### Exercise prompt
Even where a record seems odd, copy it exactly as it appears below.

### Materials provided
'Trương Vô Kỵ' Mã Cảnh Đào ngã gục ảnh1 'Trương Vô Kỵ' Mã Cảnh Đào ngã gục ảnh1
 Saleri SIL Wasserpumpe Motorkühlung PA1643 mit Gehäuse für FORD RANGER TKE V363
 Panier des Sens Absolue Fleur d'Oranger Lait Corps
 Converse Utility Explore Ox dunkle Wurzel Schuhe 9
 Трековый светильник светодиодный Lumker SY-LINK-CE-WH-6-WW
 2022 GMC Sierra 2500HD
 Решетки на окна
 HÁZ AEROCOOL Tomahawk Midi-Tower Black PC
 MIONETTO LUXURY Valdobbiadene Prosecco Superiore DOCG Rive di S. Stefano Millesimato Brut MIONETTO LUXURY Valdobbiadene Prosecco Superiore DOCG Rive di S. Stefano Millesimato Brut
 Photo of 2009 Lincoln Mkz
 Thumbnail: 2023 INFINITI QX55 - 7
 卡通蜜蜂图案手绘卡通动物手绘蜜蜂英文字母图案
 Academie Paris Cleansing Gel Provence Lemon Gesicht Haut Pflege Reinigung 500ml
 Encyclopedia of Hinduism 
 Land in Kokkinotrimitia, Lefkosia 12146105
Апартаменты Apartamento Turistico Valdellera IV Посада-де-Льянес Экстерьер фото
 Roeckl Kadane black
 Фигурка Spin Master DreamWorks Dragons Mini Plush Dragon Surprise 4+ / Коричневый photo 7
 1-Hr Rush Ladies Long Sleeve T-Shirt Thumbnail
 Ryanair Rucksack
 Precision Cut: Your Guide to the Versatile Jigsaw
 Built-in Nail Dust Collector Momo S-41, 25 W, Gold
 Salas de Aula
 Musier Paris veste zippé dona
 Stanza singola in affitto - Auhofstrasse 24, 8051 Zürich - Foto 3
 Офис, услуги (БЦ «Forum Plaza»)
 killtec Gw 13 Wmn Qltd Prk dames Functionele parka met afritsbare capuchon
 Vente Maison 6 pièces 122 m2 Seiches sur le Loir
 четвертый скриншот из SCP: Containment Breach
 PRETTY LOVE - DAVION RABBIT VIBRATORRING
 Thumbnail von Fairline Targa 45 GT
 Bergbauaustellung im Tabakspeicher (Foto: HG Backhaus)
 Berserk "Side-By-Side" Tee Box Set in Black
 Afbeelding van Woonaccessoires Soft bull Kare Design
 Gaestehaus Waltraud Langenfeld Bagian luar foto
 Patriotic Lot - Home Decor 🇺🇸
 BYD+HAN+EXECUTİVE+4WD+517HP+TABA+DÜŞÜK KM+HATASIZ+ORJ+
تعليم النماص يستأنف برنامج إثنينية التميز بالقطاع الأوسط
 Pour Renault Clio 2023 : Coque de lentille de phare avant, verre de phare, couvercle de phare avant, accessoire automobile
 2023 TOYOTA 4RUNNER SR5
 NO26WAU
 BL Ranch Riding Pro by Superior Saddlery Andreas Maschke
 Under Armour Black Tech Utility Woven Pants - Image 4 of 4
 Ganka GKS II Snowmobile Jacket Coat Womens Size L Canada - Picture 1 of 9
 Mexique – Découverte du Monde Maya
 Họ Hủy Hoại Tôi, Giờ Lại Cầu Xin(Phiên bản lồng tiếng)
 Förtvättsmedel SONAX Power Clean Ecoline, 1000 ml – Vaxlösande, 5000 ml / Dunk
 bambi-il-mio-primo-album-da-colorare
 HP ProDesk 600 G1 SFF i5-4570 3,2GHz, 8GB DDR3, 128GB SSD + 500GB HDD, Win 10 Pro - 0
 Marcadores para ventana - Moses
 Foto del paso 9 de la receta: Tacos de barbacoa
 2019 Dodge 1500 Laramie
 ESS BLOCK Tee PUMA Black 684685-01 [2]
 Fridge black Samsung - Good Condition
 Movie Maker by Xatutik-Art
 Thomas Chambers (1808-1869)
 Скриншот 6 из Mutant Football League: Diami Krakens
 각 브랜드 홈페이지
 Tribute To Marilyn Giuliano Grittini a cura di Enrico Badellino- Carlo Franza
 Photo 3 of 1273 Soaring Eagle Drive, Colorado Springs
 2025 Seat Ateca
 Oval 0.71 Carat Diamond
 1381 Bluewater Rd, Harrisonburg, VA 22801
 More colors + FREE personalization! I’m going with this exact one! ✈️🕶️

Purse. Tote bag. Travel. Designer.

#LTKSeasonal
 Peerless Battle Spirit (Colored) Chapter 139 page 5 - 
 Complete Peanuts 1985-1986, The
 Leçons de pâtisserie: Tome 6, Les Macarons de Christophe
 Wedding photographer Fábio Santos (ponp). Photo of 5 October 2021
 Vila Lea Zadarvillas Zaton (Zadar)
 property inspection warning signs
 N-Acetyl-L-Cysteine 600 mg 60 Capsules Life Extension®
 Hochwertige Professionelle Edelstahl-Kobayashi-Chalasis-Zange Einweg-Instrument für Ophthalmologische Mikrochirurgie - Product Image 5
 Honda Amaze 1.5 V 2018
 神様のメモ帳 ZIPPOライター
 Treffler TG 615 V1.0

### The answer
'Trương Vô Kỵ' Mã Cảnh Đào ngã gục ảnh1 'Trương Vô Kỵ' Mã Cảnh Đào ngã gục ảnh1
 Saleri SIL Wasserpumpe Motorkühlung PA1643 mit Gehäuse für FORD RANGER TKE V363
 Panier des Sens Absolue Fleur d'Oranger Lait Corps
 Converse Utility Explore Ox dunkle Wurzel Schuhe 9
 Трековый светильник светодиодный Lumker SY-LINK-CE-WH-6-WW
 2022 GMC Sierra 2500HD
 Решетки на окна
 HÁZ AEROCOOL Tomahawk Midi-Tower Black PC
 MIONETTO LUXURY Valdobbiadene Prosecco Superiore DOCG Rive di S. Stefano Millesimato Brut MIONETTO LUXURY Valdobbiadene Prosecco Superiore DOCG Rive di S. Stefano Millesimato Brut
 Photo of 2009 Lincoln Mkz
 Thumbnail: 2023 INFINITI QX55 - 7
 卡通蜜蜂图案手绘卡通动物手绘蜜蜂英文字母图案
 Academie Paris Cleansing Gel Provence Lemon Gesicht Haut Pflege Reinigung 500ml
 Encyclopedia of Hinduism 
 Land in Kokkinotrimitia, Lefkosia 12146105
Апартаменты Apartamento Turistico Valdellera IV Посада-де-Льянес Экстерьер фото
 Roeckl Kadane black
 Фигурка Spin Master DreamWorks Dragons Mini Plush Dragon Surprise 4+ / Коричневый photo 7
 1-Hr Rush Ladies Long Sleeve T-Shirt Thumbnail
 Ryanair Rucksack
 Precision Cut: Your Guide to the Versatile Jigsaw
 Built-in Nail Dust Collector Momo S-41, 25 W, Gold
 Salas de Aula
 Musier Paris veste zippé dona
 Stanza singola in affitto - Auhofstrasse 24, 8051 Zürich - Foto 3
 Офис, услуги (БЦ «Forum Plaza»)
 killtec Gw 13 Wmn Qltd Prk dames Functionele parka met afritsbare capuchon
 Vente Maison 6 pièces 122 m2 Seiches sur le Loir
 четвертый скриншот из SCP: Containment Breach
 PRETTY LOVE - DAVION RABBIT VIBRATORRING
 Thumbnail von Fairline Targa 45 GT
 Bergbauaustellung im Tabakspeicher (Foto: HG Backhaus)
 Berserk "Side-By-Side" Tee Box Set in Black
 Afbeelding van Woonaccessoires Soft bull Kare Design
 Gaestehaus Waltraud Langenfeld Bagian luar foto
 Patriotic Lot - Home Decor 🇺🇸
 BYD+HAN+EXECUTİVE+4WD+517HP+TABA+DÜŞÜK KM+HATASIZ+ORJ+
تعليم النماص يستأنف برنامج إثنينية التميز بالقطاع الأوسط
 Pour Renault Clio 2023 : Coque de lentille de phare avant, verre de phare, couvercle de phare avant, accessoire automobile
 2023 TOYOTA 4RUNNER SR5
 NO26WAU
 BL Ranch Riding Pro by Superior Saddlery Andreas Maschke
 Under Armour Black Tech Utility Woven Pants - Image 4 of 4
 Ganka GKS II Snowmobile Jacket Coat Womens Size L Canada - Picture 1 of 9
 Mexique – Découverte du Monde Maya
 Họ Hủy Hoại Tôi, Giờ Lại Cầu Xin(Phiên bản lồng tiếng)
 Förtvättsmedel SONAX Power Clean Ecoline, 1000 ml – Vaxlösande, 5000 ml / Dunk
 bambi-il-mio-primo-album-da-colorare
 HP ProDesk 600 G1 SFF i5-4570 3,2GHz, 8GB DDR3, 128GB SSD + 500GB HDD, Win 10 Pro - 0
 Marcadores para ventana - Moses
 Foto del paso 9 de la receta: Tacos de barbacoa
 2019 Dodge 1500 Laramie
 ESS BLOCK Tee PUMA Black 684685-01 [2]
 Fridge black Samsung - Good Condition
 Movie Maker by Xatutik-Art
 Thomas Chambers (1808-1869)
 Скриншот 6 из Mutant Football League: Diami Krakens
 각 브랜드 홈페이지
 Tribute To Marilyn Giuliano Grittini a cura di Enrico Badellino- Carlo Franza
 Photo 3 of 1273 Soaring Eagle Drive, Colorado Springs
 2025 Seat Ateca
 Oval 0.71 Carat Diamond
 1381 Bluewater Rd, Harrisonburg, VA 22801
 More colors + FREE personalization! I’m going with this exact one! ✈️🕶️

Purse. Tote bag. Travel. Designer.

#LTKSeasonal
 Peerless Battle Spirit (Colored) Chapter 139 page 5 - 
 Complete Peanuts 1985-1986, The
 Leçons de pâtisserie: Tome 6, Les Macarons de Christophe
 Wedding photographer Fábio Santos (ponp). Photo of 5 October 2021
 Vila Lea Zadarvillas Zaton (Zadar)
 property inspection warning signs
 N-Acetyl-L-Cysteine 600 mg 60 Capsules Life Extension®
 Hochwertige Professionelle Edelstahl-Kobayashi-Chalasis-Zange Einweg-Instrument für Ophthalmologische Mikrochirurgie - Product Image 5
 Honda Amaze 1.5 V 2018
 神様のメモ帳 ZIPPOライター
 Treffler TG 615 V1.0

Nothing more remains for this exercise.